- [Stored data]
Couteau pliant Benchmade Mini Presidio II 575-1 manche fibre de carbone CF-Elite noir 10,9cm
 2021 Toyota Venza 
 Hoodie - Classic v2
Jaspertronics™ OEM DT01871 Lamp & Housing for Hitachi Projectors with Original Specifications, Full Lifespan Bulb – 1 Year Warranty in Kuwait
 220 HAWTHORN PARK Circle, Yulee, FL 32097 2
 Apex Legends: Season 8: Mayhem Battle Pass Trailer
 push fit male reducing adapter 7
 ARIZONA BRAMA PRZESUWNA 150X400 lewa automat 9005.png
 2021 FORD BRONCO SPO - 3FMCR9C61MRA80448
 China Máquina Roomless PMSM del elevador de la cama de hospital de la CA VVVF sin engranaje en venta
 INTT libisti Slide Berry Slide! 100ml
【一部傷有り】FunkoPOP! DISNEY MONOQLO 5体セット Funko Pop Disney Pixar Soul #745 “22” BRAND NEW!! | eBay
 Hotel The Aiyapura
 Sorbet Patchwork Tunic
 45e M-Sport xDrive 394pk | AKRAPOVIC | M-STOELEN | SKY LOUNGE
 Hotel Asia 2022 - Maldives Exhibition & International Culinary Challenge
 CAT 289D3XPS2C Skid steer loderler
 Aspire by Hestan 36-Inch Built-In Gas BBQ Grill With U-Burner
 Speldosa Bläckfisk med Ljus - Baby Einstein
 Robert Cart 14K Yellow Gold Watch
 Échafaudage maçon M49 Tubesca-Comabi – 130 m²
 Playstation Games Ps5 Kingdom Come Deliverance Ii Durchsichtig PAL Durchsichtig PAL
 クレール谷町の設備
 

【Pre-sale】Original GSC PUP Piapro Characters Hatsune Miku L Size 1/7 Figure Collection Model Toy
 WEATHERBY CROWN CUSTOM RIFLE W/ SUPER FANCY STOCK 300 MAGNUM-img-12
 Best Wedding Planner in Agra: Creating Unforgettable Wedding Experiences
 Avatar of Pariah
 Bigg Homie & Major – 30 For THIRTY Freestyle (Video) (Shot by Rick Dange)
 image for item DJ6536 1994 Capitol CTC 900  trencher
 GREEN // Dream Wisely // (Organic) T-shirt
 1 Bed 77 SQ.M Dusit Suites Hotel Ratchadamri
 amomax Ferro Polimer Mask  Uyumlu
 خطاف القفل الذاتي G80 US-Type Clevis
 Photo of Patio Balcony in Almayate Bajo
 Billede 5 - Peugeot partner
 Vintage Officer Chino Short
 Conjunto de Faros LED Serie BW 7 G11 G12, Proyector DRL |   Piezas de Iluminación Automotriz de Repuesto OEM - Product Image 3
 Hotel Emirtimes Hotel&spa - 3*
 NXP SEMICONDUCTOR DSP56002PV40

- [What is required] Go line by line through the records and copy those that contain the word "Original".

- [Response]
Jaspertronics™ OEM DT01871 Lamp & Housing for Hitachi Projectors with Original Specifications, Full Lifespan Bulb – 1 Year Warranty in Kuwait
【Pre-sale】Original GSC PUP Piapro Characters Hatsune Miku L Size 1/7 Figure Collection Model Toy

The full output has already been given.